Hubo un funeral solemne en Londres, en el Oratorio de Brompton, con gente venida de toda Inglaterra, Escocia, y aún Irlanda. La homilía estuvo a cargo del Cardenal Manning, que entre muchas cosas dijo: Cuando yo tenía veinte años y él se aproximaba a los veintiocho, recuerdo su figura, su voz, y las palabras penetrantes que salían de sus labios en la iglesia universitaria de Oxford. Después de verle y oírle una vez, no dejé nunca de asistir a aquella predicación…Si hiciera falta alguna prueba de la inmensa obra que ha realizado en Inglaterra, sería suficiente observar lo ocurrido durante estos días…No era fácil predecir que la voz pública de Inglaterra, en toda su diversidad política y religiosa, se uniera en el afecto y la veneración hacia un hombre que había roto barreras sagradas y desafiado prejuicios religiosos de modo contundente.
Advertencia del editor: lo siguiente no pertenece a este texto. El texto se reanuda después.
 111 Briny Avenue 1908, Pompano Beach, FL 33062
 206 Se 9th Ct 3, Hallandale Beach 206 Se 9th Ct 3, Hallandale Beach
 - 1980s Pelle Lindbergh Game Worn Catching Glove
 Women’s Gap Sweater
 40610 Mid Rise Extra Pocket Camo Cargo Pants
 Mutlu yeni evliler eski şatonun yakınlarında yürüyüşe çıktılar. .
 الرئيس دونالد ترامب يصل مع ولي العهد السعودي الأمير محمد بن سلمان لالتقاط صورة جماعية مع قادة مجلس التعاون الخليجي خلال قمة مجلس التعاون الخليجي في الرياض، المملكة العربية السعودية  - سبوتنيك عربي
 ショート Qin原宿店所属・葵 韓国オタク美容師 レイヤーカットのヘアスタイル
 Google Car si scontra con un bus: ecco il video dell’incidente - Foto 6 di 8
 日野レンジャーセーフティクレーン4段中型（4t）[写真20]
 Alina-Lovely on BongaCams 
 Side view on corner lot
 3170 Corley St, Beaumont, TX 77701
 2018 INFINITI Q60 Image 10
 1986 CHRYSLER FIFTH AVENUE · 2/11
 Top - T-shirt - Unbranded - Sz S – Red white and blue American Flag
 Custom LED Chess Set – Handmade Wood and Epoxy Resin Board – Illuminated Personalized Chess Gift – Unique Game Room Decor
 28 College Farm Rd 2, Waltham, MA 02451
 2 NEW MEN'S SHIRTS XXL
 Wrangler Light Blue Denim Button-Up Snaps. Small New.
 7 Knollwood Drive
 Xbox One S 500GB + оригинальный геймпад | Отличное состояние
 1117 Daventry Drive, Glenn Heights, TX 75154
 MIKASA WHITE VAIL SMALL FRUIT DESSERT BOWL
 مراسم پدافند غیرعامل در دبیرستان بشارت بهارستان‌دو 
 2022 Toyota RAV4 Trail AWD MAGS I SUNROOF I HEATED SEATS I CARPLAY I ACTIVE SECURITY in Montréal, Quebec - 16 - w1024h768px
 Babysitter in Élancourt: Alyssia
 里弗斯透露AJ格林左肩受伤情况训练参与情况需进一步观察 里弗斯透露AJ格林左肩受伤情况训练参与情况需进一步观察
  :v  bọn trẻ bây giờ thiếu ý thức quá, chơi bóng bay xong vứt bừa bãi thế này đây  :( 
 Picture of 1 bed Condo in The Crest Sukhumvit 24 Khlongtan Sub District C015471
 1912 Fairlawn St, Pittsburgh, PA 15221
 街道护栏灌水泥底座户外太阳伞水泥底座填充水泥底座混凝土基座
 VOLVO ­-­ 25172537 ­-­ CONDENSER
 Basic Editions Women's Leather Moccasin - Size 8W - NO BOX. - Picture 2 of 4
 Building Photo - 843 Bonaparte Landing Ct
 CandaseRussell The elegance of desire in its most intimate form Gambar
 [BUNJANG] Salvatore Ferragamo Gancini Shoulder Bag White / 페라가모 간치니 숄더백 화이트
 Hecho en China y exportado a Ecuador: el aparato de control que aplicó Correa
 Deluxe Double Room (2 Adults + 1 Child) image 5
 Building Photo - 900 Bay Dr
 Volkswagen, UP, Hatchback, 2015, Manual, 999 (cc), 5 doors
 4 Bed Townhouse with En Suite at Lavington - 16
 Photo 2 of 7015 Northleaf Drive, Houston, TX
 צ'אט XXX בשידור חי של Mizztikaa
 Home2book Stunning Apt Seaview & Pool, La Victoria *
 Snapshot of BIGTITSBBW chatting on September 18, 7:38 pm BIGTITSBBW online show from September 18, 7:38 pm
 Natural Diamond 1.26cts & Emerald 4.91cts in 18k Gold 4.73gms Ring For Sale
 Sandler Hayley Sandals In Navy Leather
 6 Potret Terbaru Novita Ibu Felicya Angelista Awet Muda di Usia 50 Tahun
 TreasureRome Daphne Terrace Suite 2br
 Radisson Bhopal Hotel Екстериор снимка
Había cometido un pecado que hasta el momento era imperdonable en la nación: hacerse católico, como lo fueron nuestros padres. Y sin embargo ningún inglés en nuestra memoria ha sido objeto de una veneración tan amante y sincera. Alguien ha dicho: ‘lo canonice o no Roma, será canonizado en la mente de gente religiosa de todos los credos en Inglaterra’. Es verdad …Sus escritos están en vuestras manos. Pero más allá del poder de los libros, hemos experimentado el ejemplo y la influencia de su vida…Una vida bella y noble es la predicación más convincente y persuasiva, y todos hemos sentido su poder…La historia de nuestro país recordará desde ahora el nombre de John Henry Newman entre los más grandes de nuestro pueblo, como confesor de la fe, maestro de hombres, y predicador de la justicia, la piedad y la compasión.
Parafraseando a Manning, podemos decir mejor, que Newman es recordado entre los más grandes hombres de la Iglesia universal.
He aquí una conocida oración extraída de sus sermones:
Señor, haz de mí lo que Tú quieras. No pretendo regatear, no impongo condición ni intento ver adónde me llevas. Seré nada más lo que Tú quieras. Y no digo que te seguiré por todas partes, porque soy débil. Pero me entrego a Ti, para que me lleves adonde quieras.